Crise na transferência de autoridade?

Ouço educadores reclamarem da ausência de autoridade na educação. Há uma percepção reinante de que podem ser processados juridicamente por qualquer coisa, sem falar nas agressões praticadas por alunos. Volta e meia recebo mensagens eletrônicas com prognósticos sombrios sobre a situação atual. E o que me preocupa é que muitas dessas análises têm se mostrado extremamente conservadoras: ausência de valores, inversão das relações de poder etc. Os pais são caracterizados como incapazes de realizarem a transferência de autoridade para a instituição escolar. Noutra hipótese, talvez não sejam eles mesmos exemplos de autoridade. Vivemos, segundo essa opinião,  numa época de total anomia.

O raciocínio me parece devedor de uma polaridade: do poder do professor ao poder do aluno. Algo foi retirado do primeiro e repassado ao segundo, daí os males de nossa época. O que me parece uma grande simplificação. Pois, como é entendido que a polarização tende para este último, tudo o mais se perderia: o rigor do conhecimento, as normas e tradições, o respeito, a consideração pelos superiores etc.
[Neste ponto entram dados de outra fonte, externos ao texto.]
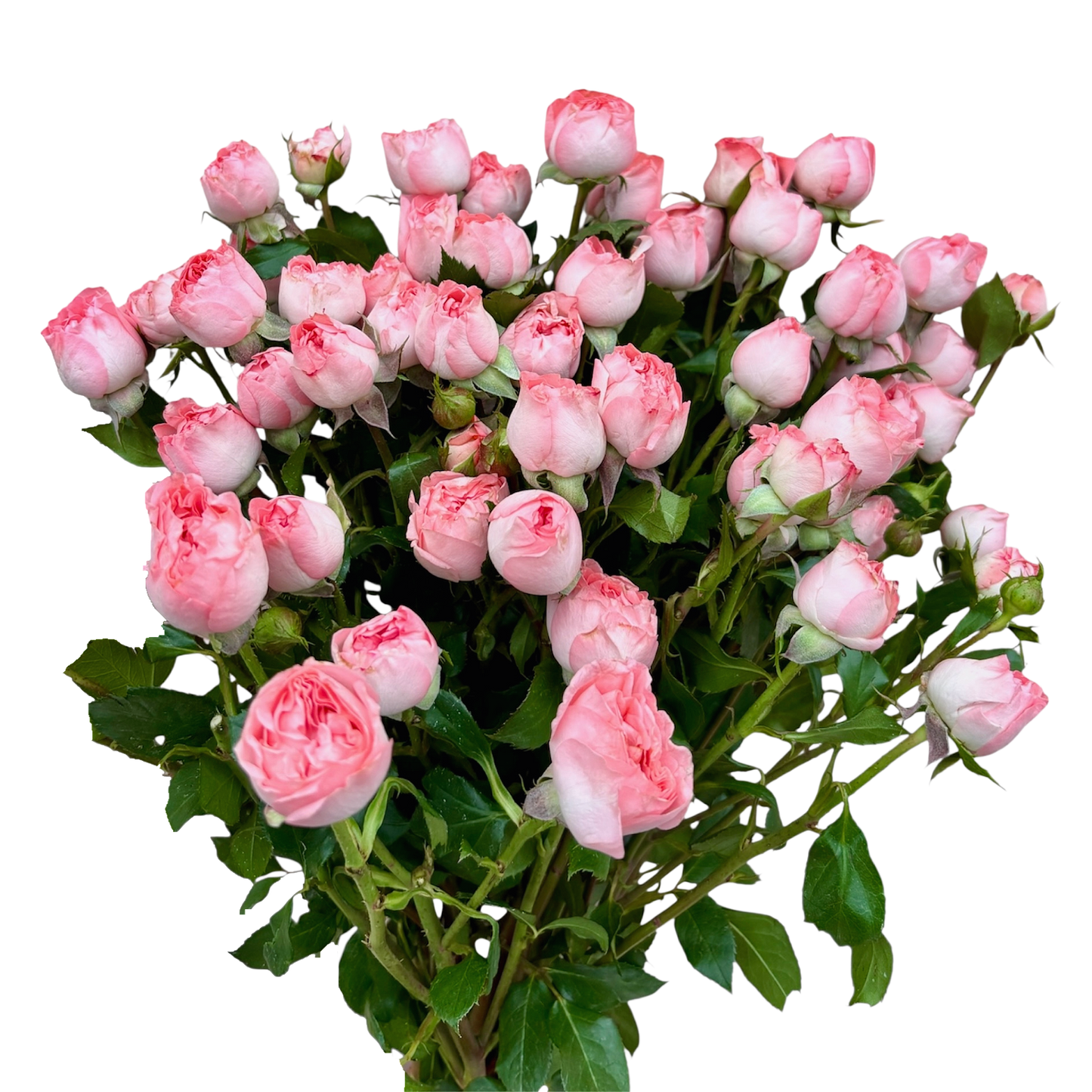 Spray Rose Femko Peach Per Stem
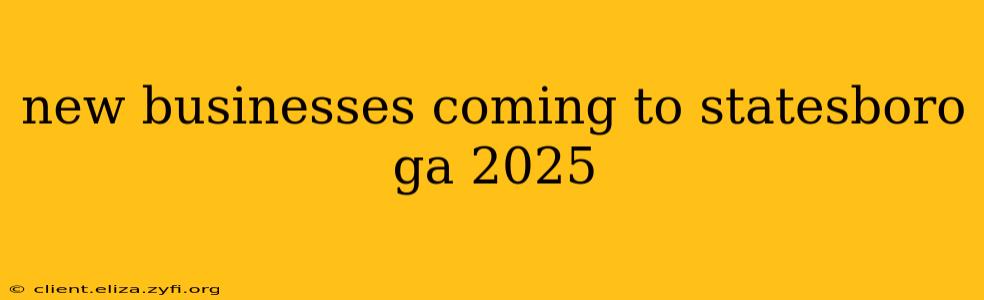 new businesses coming to statesboro ga 2025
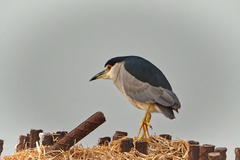 Nycticorax nycticorax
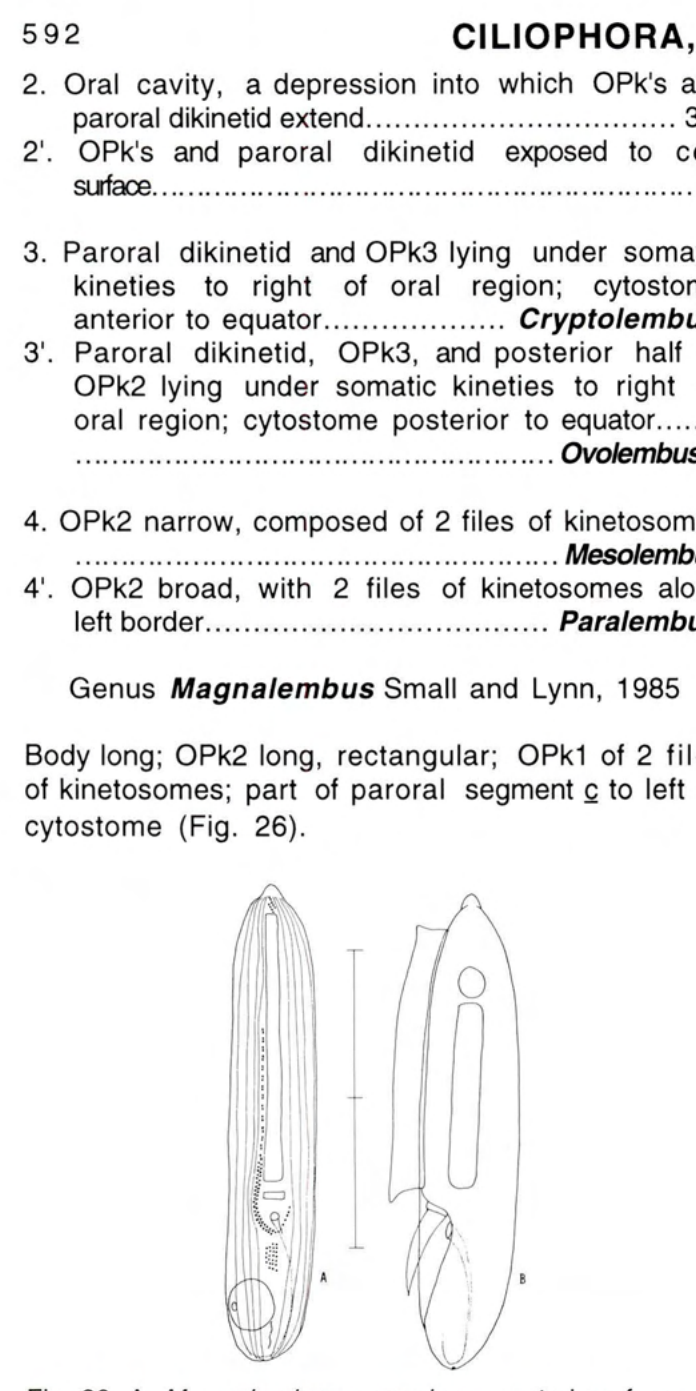 Figure 26
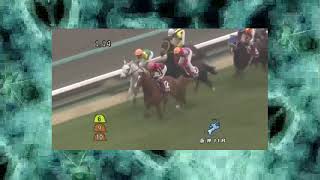 《競馬》阪神競馬場　阪神大賞典オルフェーブル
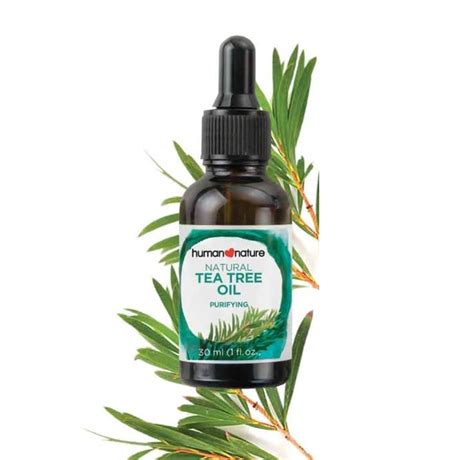 10 Best Tea Tree Oils In Philippines 2024 Uses And Benefits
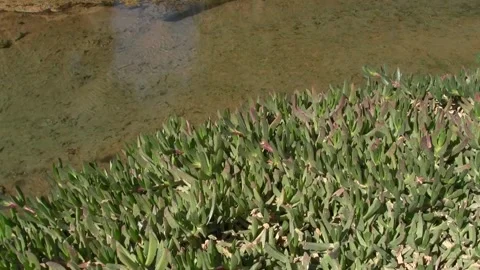 Succulent Plants Bordering a Shallow, Clear Water Source Stock Footage 302312135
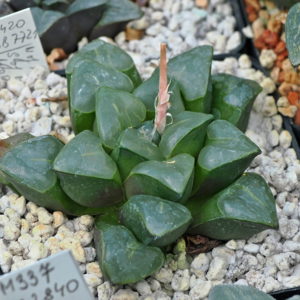 Haworthia mutica var nigra (Morning Staar) MBB7721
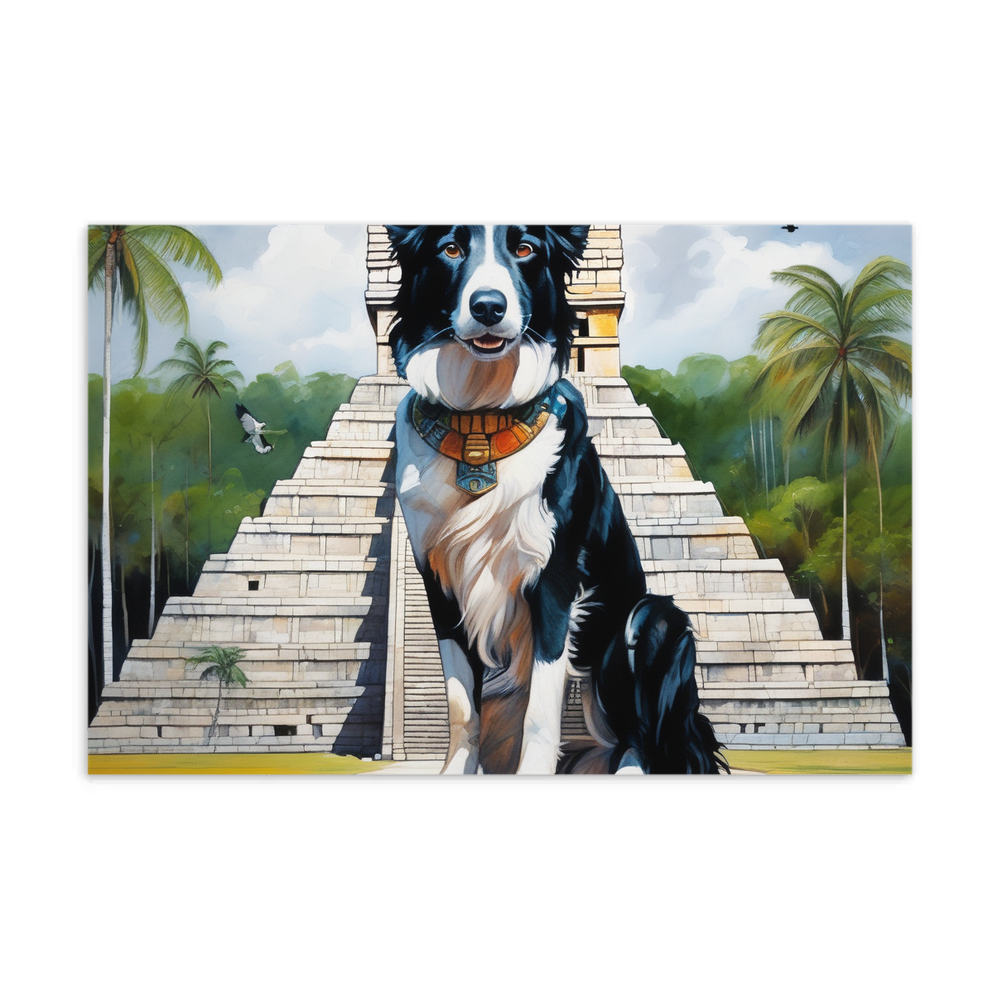 PugMug Custom Border Collie Postcard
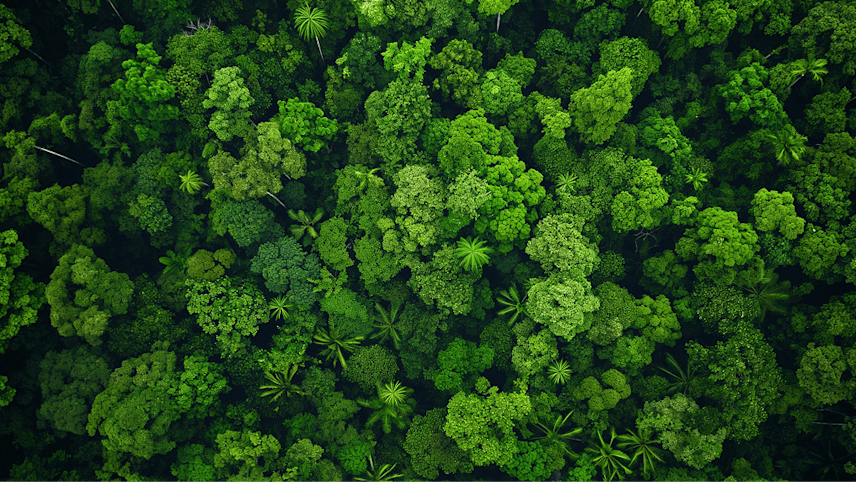 Canopy of a rain forest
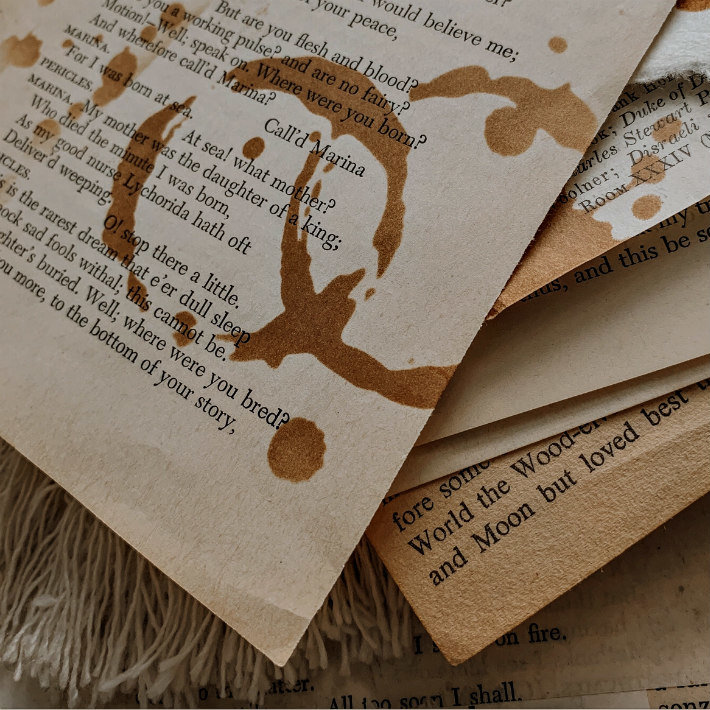 Savannah Scribbles Paper Bundle: Coffee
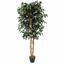 Keinotekoinen puu Fikus Benjamin burgundi 120 cm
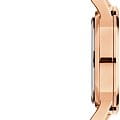 Оригинальные часы Daniel Wellington Daniel Wellington Iconic Link DW00100212 кварцевые калибр механизма  общий вид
Por essas vias, acabamos por ignorar os agenciamentos de poder, da qual não podem ser separadas nossas práticas existenciais e pedagógicas. E de sobra, passa-se por cima das mudanças  sociais que lhe são correspondentes. Além disso, camufla-se o bullying professor-aluno, assim como o que ocorre na relação instituição-aluno, que não podem ser ignorados, mesmo quando não se mostram por meio de agressões físicas e morais.